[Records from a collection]
#####

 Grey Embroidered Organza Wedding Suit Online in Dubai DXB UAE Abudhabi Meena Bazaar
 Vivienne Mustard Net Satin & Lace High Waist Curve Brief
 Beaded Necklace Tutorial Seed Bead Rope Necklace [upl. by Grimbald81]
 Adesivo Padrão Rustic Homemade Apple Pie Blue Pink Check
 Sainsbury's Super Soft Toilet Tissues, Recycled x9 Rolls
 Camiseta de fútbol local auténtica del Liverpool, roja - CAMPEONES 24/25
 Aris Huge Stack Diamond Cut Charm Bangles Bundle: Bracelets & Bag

#####

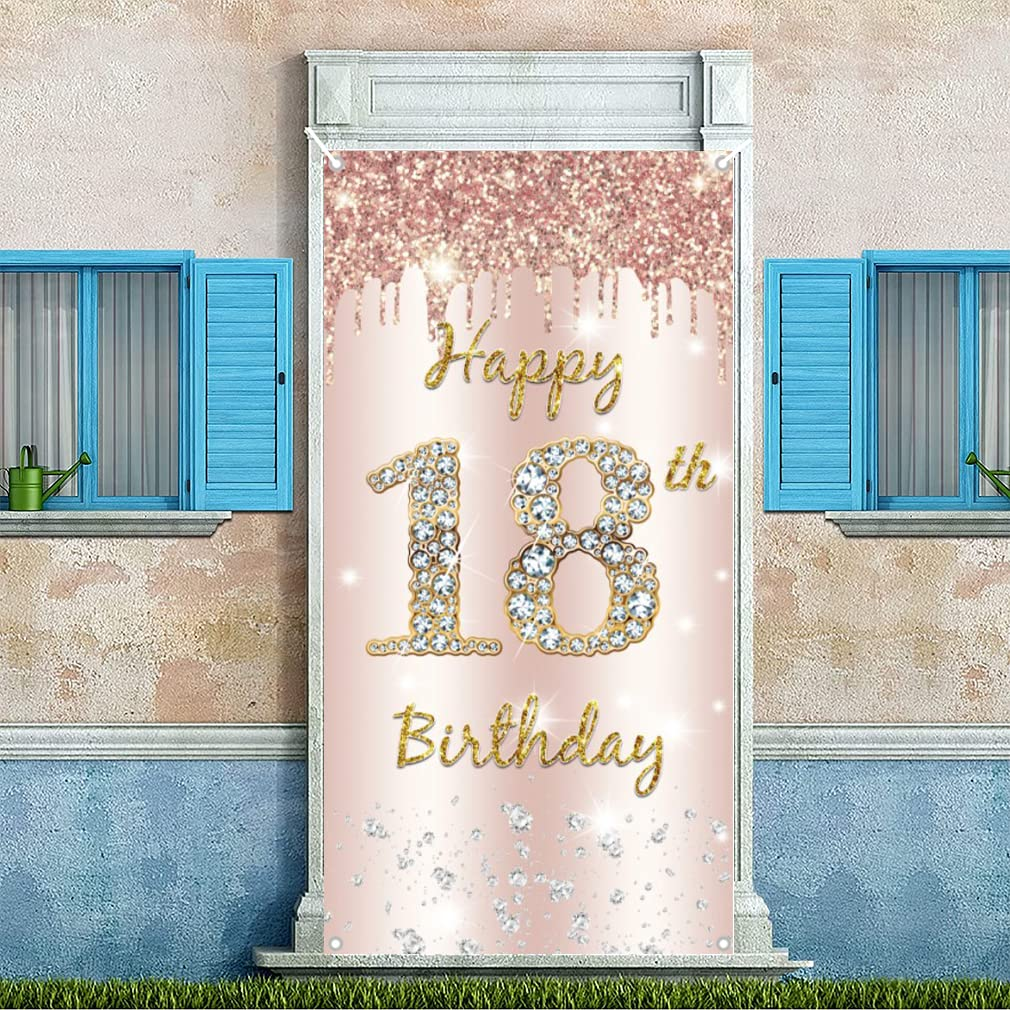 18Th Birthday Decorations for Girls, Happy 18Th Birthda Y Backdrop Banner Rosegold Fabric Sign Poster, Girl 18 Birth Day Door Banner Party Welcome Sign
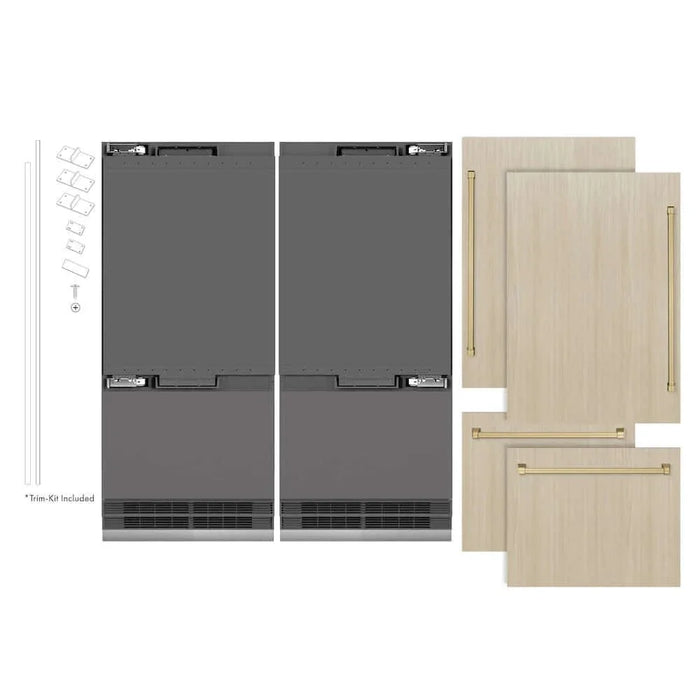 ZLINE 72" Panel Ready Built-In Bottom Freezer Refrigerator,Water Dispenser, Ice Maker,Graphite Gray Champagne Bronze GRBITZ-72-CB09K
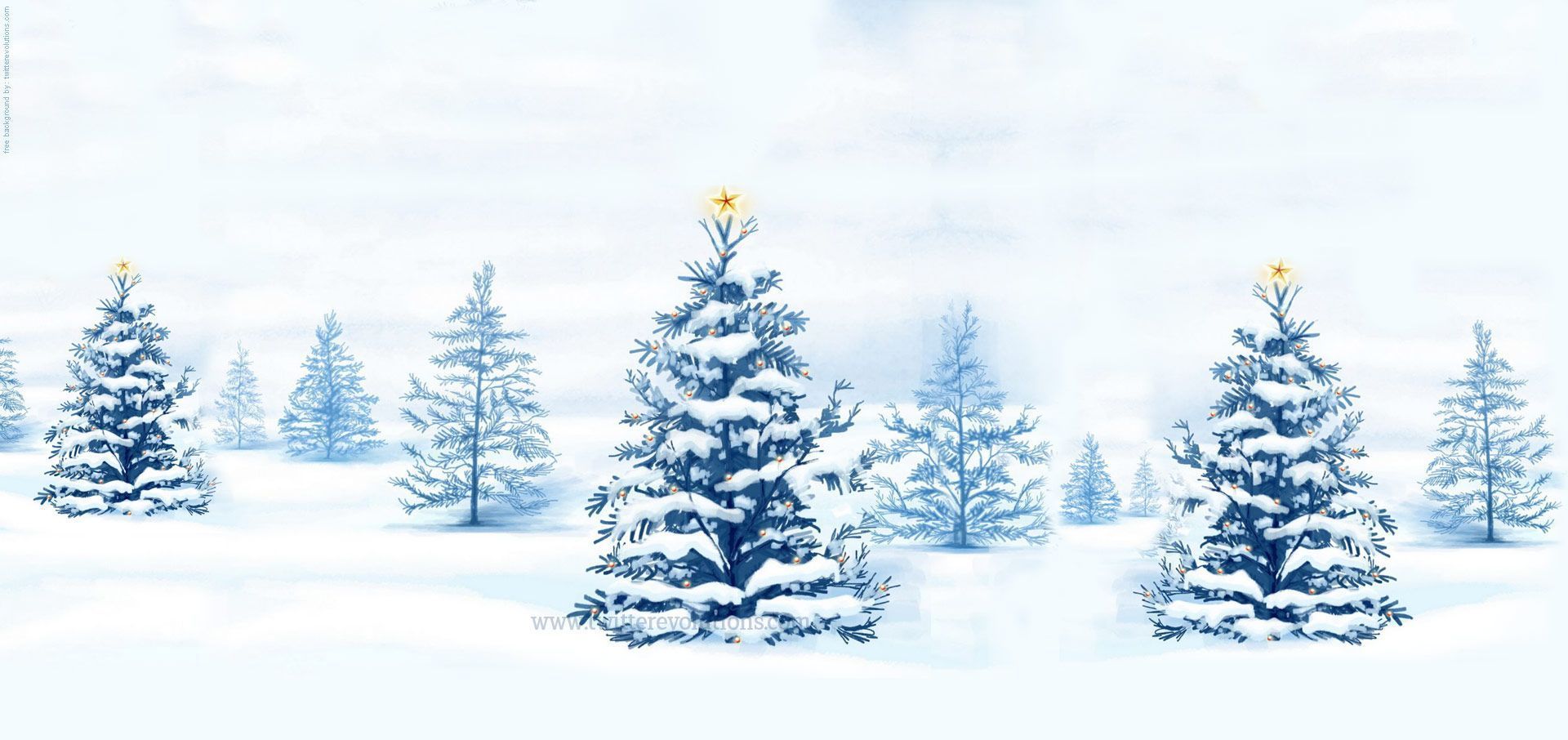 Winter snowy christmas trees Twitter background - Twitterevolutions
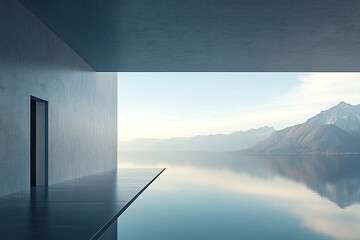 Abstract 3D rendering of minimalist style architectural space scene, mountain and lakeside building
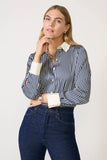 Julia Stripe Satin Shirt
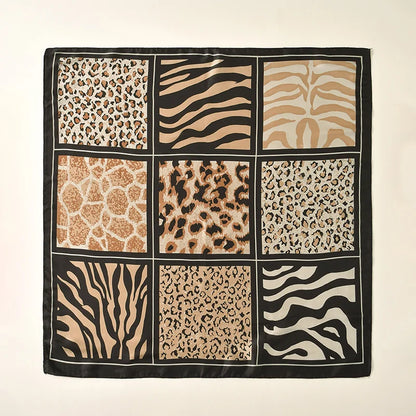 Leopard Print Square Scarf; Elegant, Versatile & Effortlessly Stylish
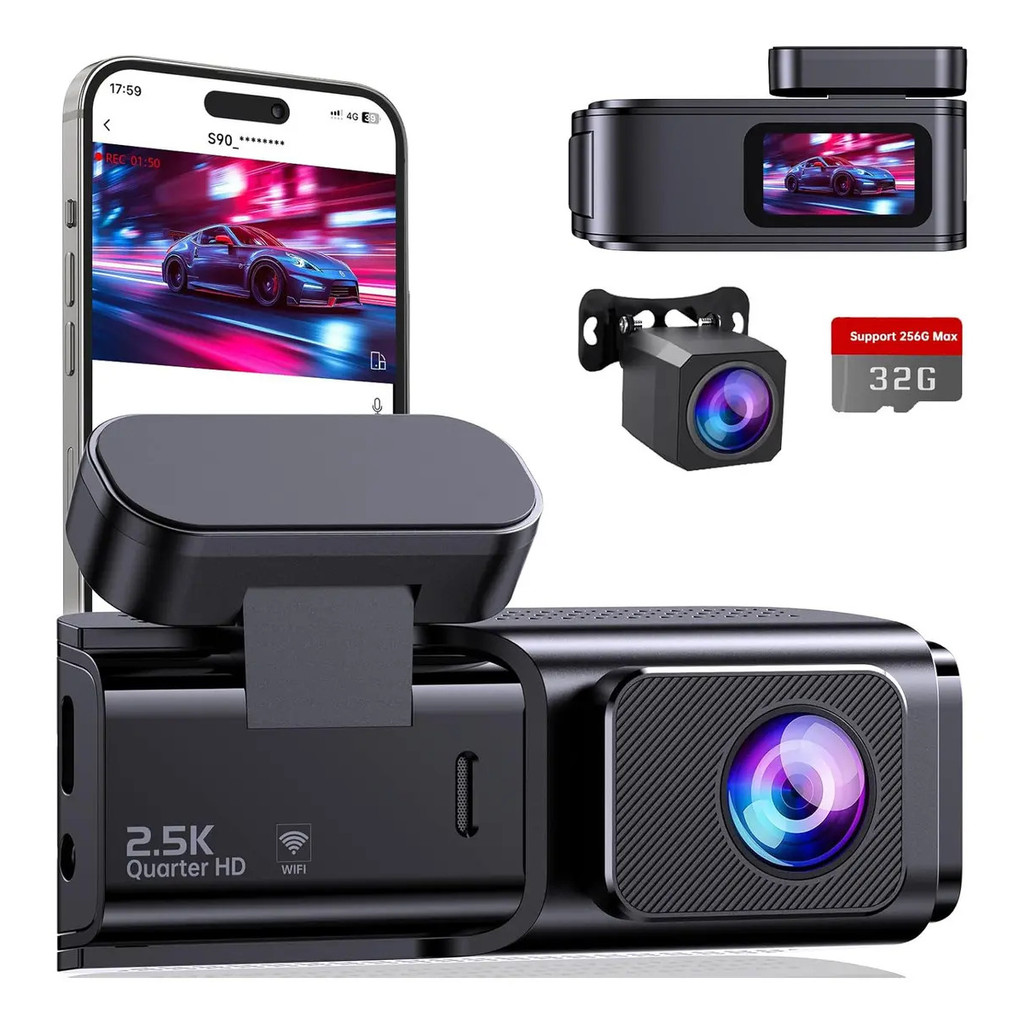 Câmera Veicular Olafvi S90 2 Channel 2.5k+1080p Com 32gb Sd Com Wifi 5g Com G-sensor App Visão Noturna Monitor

#####

From the records above, retype only the lines starting at the line that contains "Beaded Necklace Tutorial" and ending at the line that contains "Aris Huge Stack", both included.

■ Expected answer:
 Beaded Necklace Tutorial Seed Bead Rope Necklace [upl. by Grimbald81]
 Adesivo Padrão Rustic Homemade Apple Pie Blue Pink Check
 Sainsbury's Super Soft Toilet Tissues, Recycled x9 Rolls
 Camiseta de fútbol local auténtica del Liverpool, roja - CAMPEONES 24/25
 Aris Huge Stack Diamond Cut Charm Bangles Bundle: Bracelets & Bag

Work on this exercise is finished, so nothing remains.